The problem is that pension plans require people paying in in order to pay out. In fact, most pension plans require there to be a consistently increasing number of people paying in for them to maintain payouts.
Now, I don’t know the specifics of each plan, nor do we know how much university enrolment will decline, so it’s impossible to say how bad the situation will be. But a declining number of people paying in, coupled with a increasing number of people collecting benefits can only lead to massive problems.
And there’s another factor at play here, universities are increasingly employing more lecturers and part-time contract faculty, as opposed to full-time professors.
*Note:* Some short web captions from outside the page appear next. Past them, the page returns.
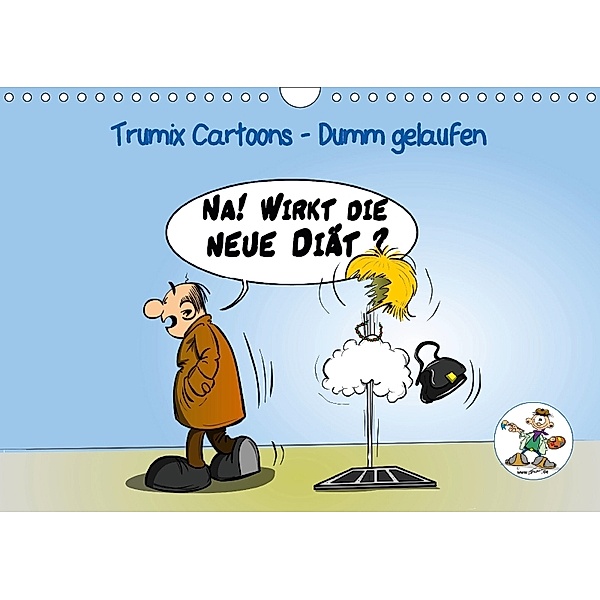 Trumix Cartoons - Dumm gelaufen (Wandkalender 2018 DIN A4 quer), Reinhard Trummer
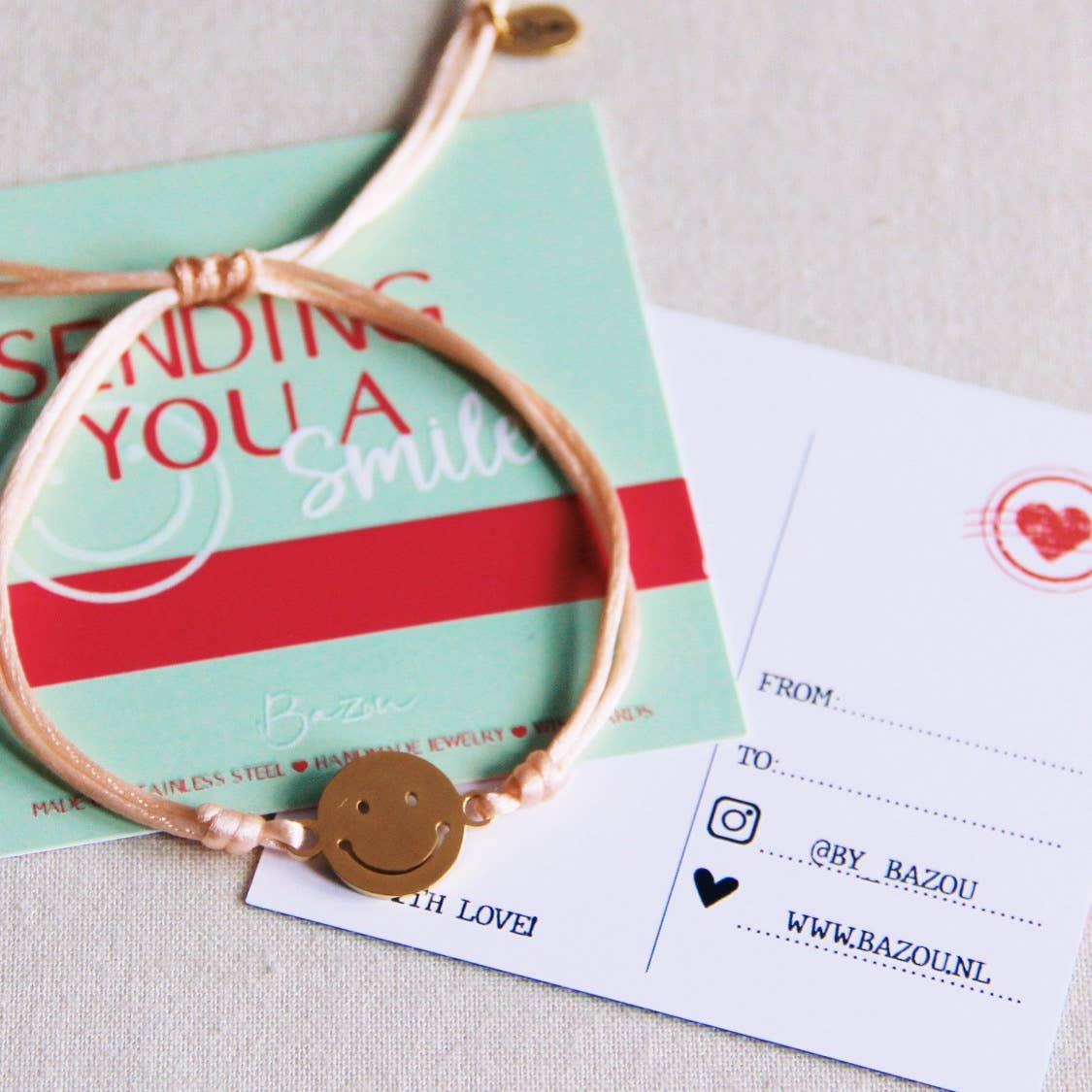 Bazou - Wholesale Charm/Dangle Bracelet - Sending you a Smile2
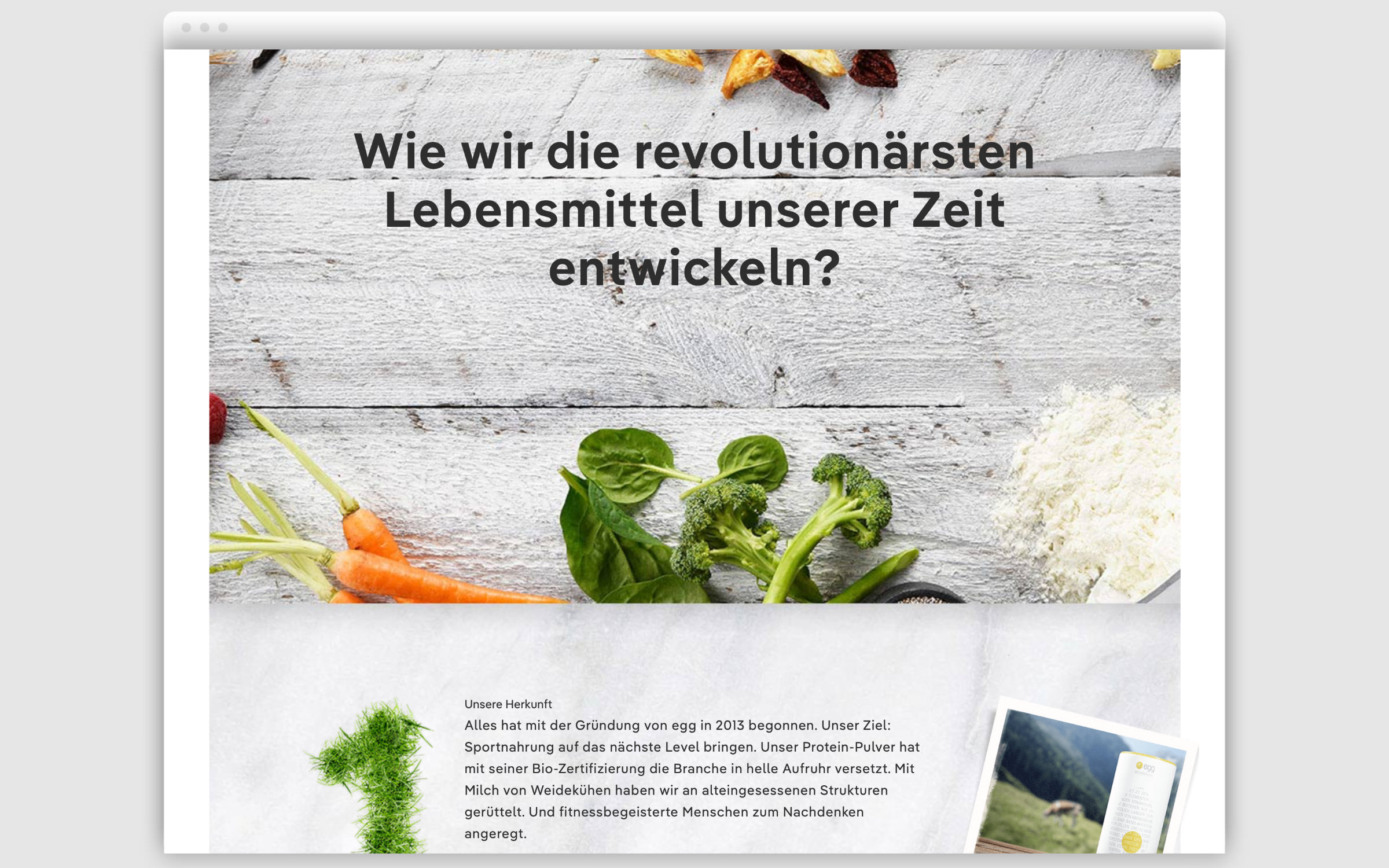 Fonts im Alltag: Pangea Text für Foodspring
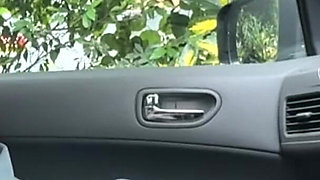 Megaton Boobs You Can See Even Through Her Clothes. Car Blowjob, Cum in Mouth, She Swallows It All!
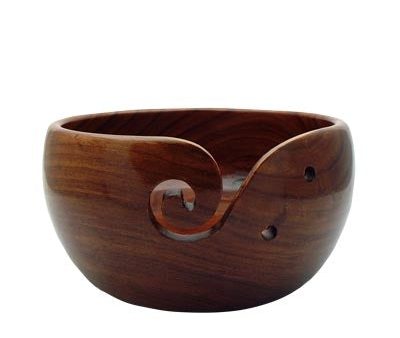 Yarn Bowl - Acacia Large Supply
These contractors aren’t paying in to pension plans and if they are, they’re probably not paying into the same fund that’s paying out to retired professors.
Since these plans draw a significant portion of their funding from investments, if the market rebounds significantly there could be something of a reprieve but it’s doubtful that a market rebound could bring the plans back to where they need to be now, let alone where they need to be in five or 10 years.
And who is this going to hurt? Well, the next generation of professors, who are going to be paying in to pension plans that have defined contributions rather than defined payouts. In other words, they’re going to pay for the retirement of their older colleagues but not have the same benefits when they retire.
But students are going to lose out even more. Universities are already talking about cuts to pay their pension debts and we can expect even more cuts to pay for this shortsightedness.